The vector memory (VMEM) unit is responsible for issuing loads, stores and atomic operations that interact with the memory system.
The Scalar arithmetic logic unit (SALU) is shared by all threads in a wavefront, and is responsible for executing instructions that are known to be uniform across the wavefront at compile time. The SALU has a memory unit (SMEM) for interacting with memory, but it cannot issue separately from the SALU.
The Local data share (LDS) is an on-CU software-managed scratchpad memory that can be used to efficiently share data between all threads in a workgroup.
The Scheduler is responsible for issuing and decoding instructions for all the wavefronts on the compute unit.
The vector L1 data cache (vL1D) is the first level cache local to the compute unit. On current CDNA accelerators, the vL1D is write-through.
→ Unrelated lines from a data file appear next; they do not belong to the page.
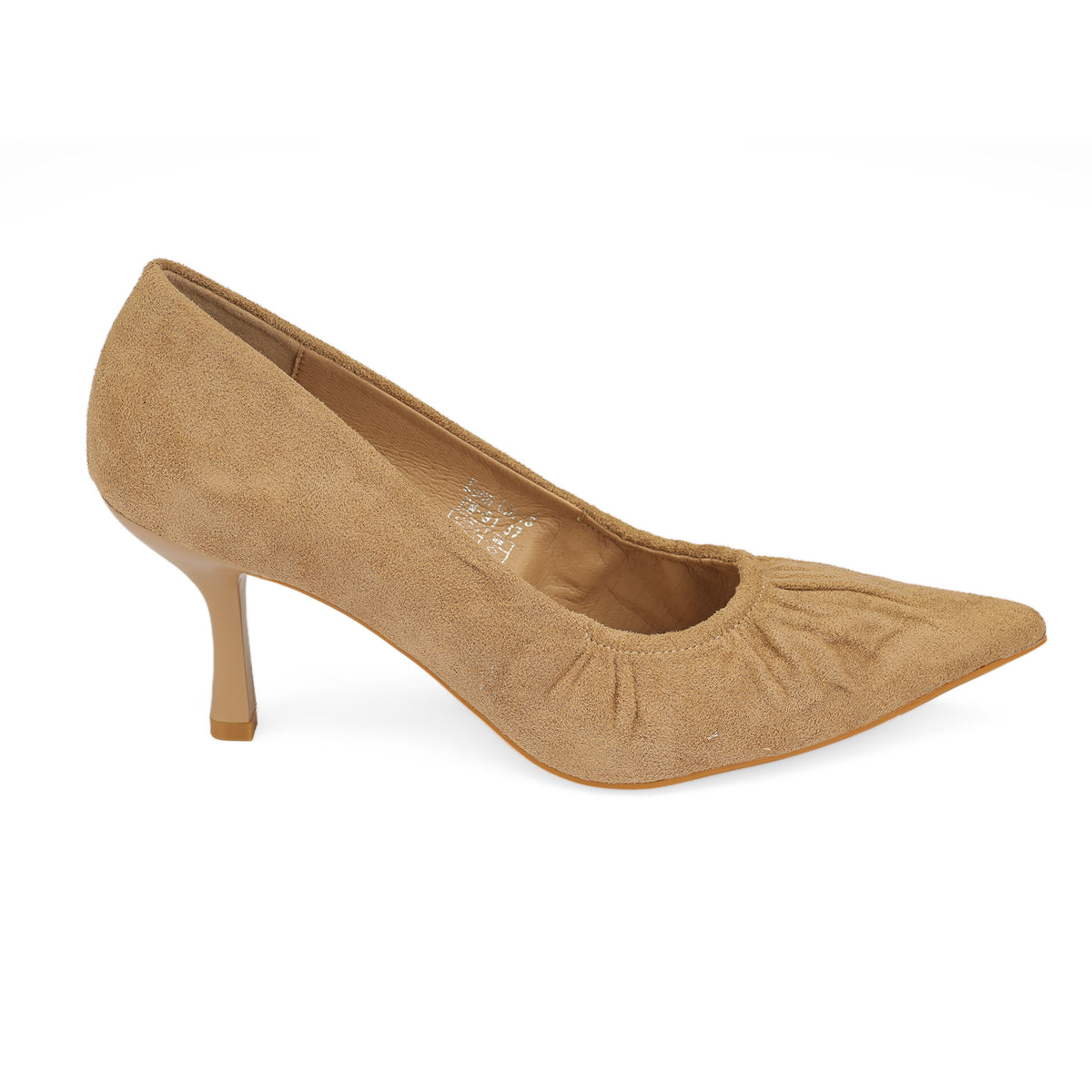 Heels 1689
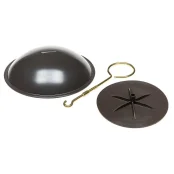 Ferplast L88 Top Set Brown+ L79 комплект декоративного верха Ferplast MAX 6 клетки для попугаев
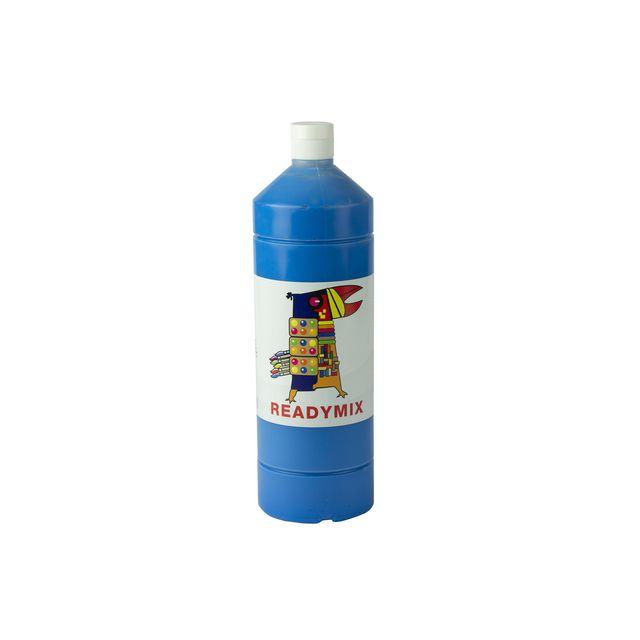 Readymix 1L primary blue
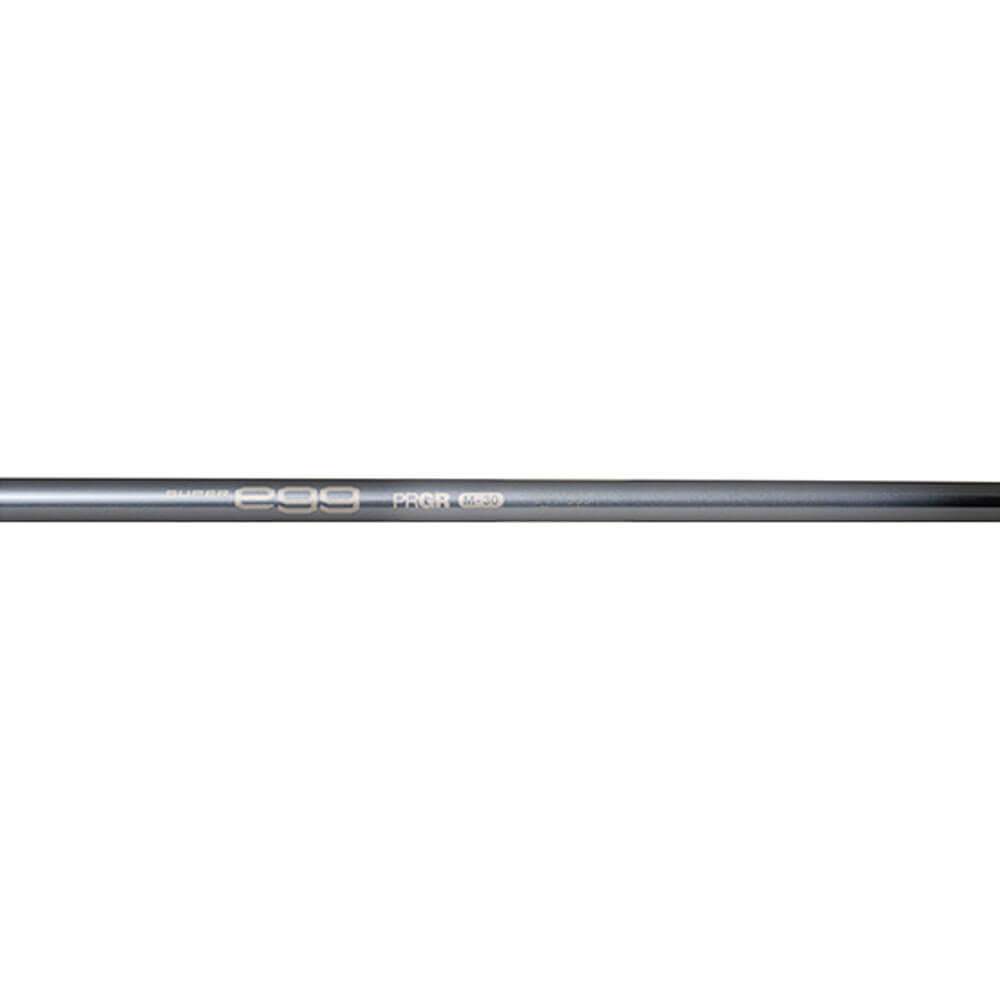 プロギア PRGR　スーパーエッグ 2026年モデル　レディース ドライバー （ルール適合外） SUPER egg 専用シャフト 詳細6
The vL1D caches from multiple compute units are kept coherent with one another through software instructions.
CDNA accelerators – that is, AMD Instinct™ MI100 and newer – contain specialized matrix-multiplication accelerator pipelines known as the Matrix fused multiply-add (MFMA).

For a more in-depth description of a compute unit on a CDNA accelerator, see Introduction to AMD GPU Programming with HIP (slide 22) and The AMD GCN Architecture - A Crash Course (slide 27).